An international conference of ombudsman institutions was held yesterday at the Korea Press Center, in central Seoul, gathering public advocacy chiefs from 12 countries, including Canada, Thailand and Austria.

The 2014 Ombudsman Global Conference was hosted by the Anti-Corruption and Civil Rights Commission (ACRC), a state-run anti-graft body. The Ombudsman of Korea was integrated into the ACRC in 2008.

Modern use of the term “ombudsman,” or a public representative, was first established in Sweden with the implementation of the Swedish Ombudsman Office in 1809.

These officials are commonly tasked with investigating and addressing maladministration and handling public complaints.

The Ombudsman of Korea was first established in 1994 as a body responsible for overseeing and dealing with national concerns and violations.
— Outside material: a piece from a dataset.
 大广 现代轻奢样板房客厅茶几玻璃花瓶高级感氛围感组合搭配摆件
This year marks its 20th anniversary.

“It has been 20 years since an ombudsman was established in Korea,” said ACRC Chairman Lee Sung-bo at the opening ceremony. “In the last 20 years, we have made great strides, and the number of public complaints has steadily increased.”

Kim Young-ran, the former ACRC chairwoman, was also in attendance.
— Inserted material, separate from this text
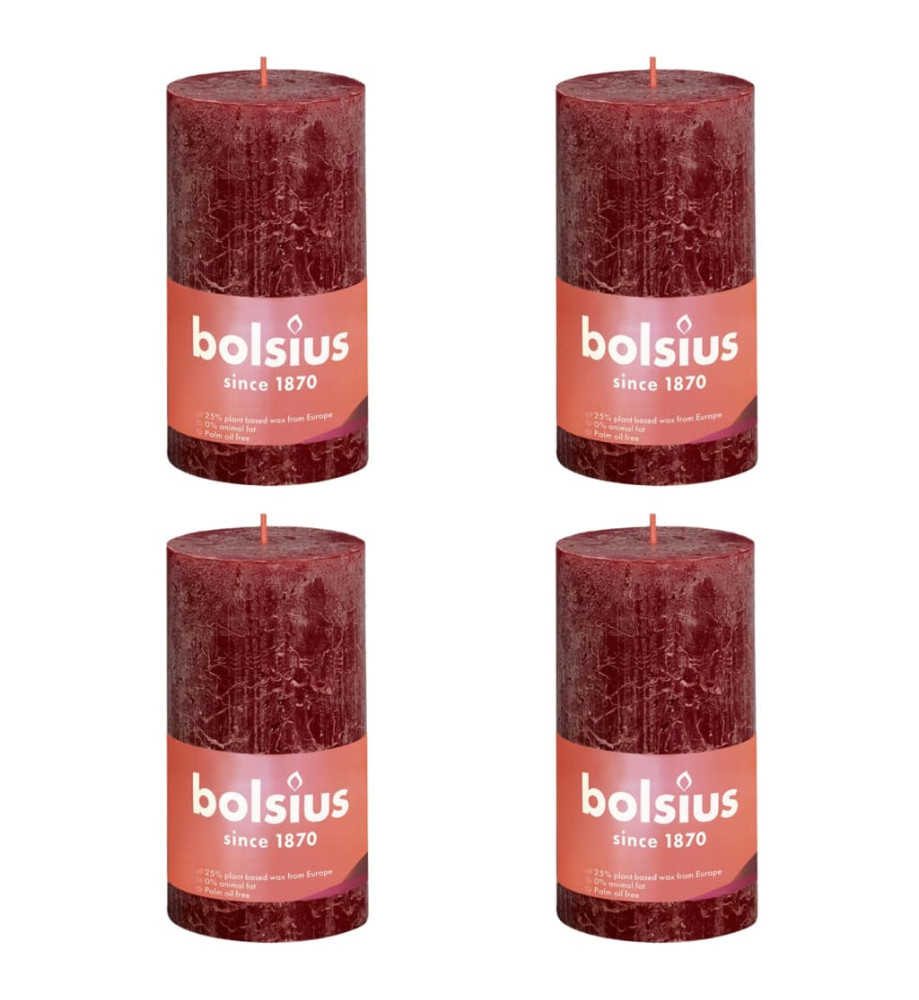 Bolsius Bougies pilier rustiques Shine 4 pcs 130x68 mm Rouge velours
In May, the National Assembly failed to approve a bill Kim had proposed just 15 months earlier that would have cracked down on bribery among civil servants and government officials. Calls for the bill’s passage were heightened in the wake of the Sewol ferry accident, which left nearly 300 people dead and shone a light on the problems plaguing Korea’s bureaucracy.

If passed, the law would have enabled authorities to punish government officials caught receiving bribes worth 1 million won ($984) or more, regardless of the circumstances.

“At first, many people had no idea what they could demand, but as time progressed, people became more aware of their role as a citizen and as a member of society,” Kim said in a speech during the meeting. “So, if they are mistreated by government officials they will speak out and seek out an ombudsman if the situation does not change.”

Chung Ui-hwa, the speaker of the National Assembly, also presented a speech on how legal branches and ombudsman can cooperate.

At the conference, 25 speakers touched upon advocacy cases in their native countries, including Diane Welborn, the vice president of the International Ombudsman Institute (IOI) and the executive director of the Ohio-based Dayton Ombudsman, who spoke on “Enhancing Trust between Ombudsman and Citizens.”

On Tuesday, the ACRC hosted the 16th meeting of the Board of Directors of the Asian Ombudsman Association (AOA) at the Korea Press Center, where officials moved to approve the Gangwon Ombudsman’s membership application. The session was attended by 60 people from 12 countries.